#### REQUIRED ACTION:
Your job is to copy the lines from the material that include "Case".

·····

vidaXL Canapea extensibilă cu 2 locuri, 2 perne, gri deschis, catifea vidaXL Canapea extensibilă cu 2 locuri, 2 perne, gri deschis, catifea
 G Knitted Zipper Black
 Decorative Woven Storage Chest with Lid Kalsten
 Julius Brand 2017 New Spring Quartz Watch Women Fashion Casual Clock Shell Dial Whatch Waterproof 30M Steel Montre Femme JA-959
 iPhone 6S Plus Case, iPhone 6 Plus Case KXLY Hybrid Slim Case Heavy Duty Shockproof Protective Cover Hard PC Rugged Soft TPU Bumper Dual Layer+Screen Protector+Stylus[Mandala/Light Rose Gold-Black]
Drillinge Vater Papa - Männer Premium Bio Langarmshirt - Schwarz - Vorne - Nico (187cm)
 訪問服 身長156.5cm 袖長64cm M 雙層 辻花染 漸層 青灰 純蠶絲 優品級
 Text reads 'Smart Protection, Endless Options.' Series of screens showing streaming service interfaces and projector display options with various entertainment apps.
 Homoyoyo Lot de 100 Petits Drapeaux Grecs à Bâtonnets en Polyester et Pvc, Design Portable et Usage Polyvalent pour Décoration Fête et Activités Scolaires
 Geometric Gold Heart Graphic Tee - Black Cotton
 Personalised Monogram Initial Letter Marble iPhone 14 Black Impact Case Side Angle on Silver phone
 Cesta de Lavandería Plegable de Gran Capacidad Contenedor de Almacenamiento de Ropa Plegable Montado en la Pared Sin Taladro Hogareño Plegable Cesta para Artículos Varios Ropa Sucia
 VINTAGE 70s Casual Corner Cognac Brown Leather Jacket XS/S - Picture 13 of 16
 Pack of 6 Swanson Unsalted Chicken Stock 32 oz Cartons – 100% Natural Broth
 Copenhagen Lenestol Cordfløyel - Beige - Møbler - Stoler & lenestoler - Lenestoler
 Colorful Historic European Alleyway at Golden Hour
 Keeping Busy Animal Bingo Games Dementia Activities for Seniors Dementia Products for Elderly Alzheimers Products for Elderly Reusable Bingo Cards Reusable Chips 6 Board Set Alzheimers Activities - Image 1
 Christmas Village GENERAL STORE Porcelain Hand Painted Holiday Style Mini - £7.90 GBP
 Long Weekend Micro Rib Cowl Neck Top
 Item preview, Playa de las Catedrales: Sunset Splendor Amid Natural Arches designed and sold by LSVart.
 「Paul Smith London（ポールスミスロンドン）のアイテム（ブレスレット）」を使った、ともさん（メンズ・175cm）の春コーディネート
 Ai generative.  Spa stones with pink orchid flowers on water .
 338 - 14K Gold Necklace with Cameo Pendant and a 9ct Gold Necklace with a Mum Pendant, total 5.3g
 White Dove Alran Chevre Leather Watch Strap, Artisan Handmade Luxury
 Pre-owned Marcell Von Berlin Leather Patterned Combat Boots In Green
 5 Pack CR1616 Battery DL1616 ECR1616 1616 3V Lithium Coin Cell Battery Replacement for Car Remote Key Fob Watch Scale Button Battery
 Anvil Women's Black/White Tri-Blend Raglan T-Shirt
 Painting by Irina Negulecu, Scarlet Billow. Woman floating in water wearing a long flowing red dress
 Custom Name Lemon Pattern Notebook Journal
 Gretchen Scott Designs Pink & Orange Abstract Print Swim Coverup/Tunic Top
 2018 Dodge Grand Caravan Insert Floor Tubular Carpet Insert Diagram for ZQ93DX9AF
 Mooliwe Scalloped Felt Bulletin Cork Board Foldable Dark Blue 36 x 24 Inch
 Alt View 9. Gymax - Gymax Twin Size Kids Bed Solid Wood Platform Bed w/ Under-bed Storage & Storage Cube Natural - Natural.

·····

#### TASK ANSWER:
 iPhone 6S Plus Case, iPhone 6 Plus Case KXLY Hybrid Slim Case Heavy Duty Shockproof Protective Cover Hard PC Rugged Soft TPU Bumper Dual Layer+Screen Protector+Stylus[Mandala/Light Rose Gold-Black]
 Personalised Monogram Initial Letter Marble iPhone 14 Black Impact Case Side Angle on Silver phone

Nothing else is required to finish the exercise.